**What you will do**
An exact copy is needed of the lines in the entries below from the line with "JUVENTUS Gray 5' x 8' Area Rug" up to and including the line with "Les élèves de", and of nothing else. Leave the pictures out.

**Dataset records**
*** Begin section ***

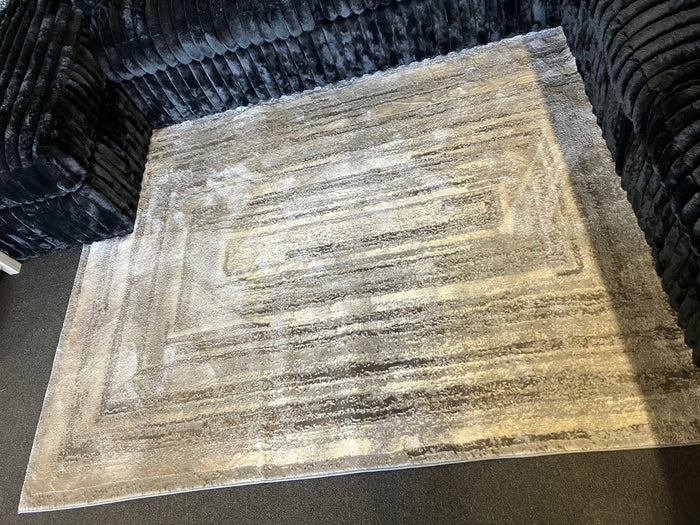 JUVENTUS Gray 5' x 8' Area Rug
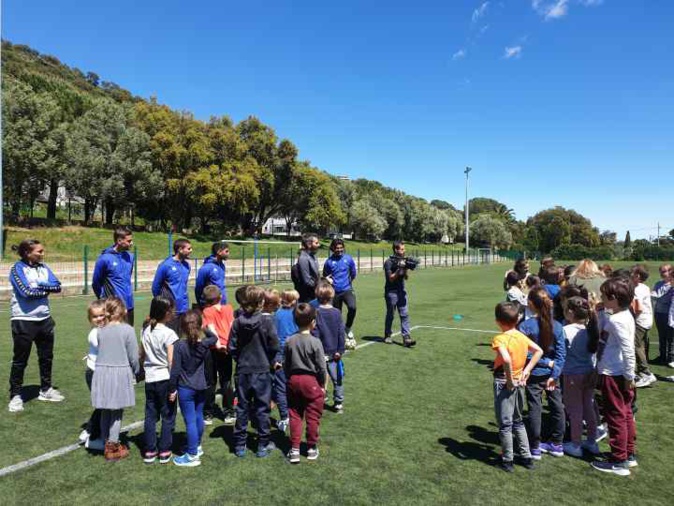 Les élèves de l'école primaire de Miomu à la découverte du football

*** End section ***
*** Begin section ***

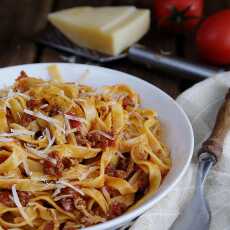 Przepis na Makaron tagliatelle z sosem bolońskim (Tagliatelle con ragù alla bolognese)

*** End section ***

**Result**
 JUVENTUS Gray 5' x 8' Area Rug
 Les élèves de l'école primaire de Miomu à la découverte du football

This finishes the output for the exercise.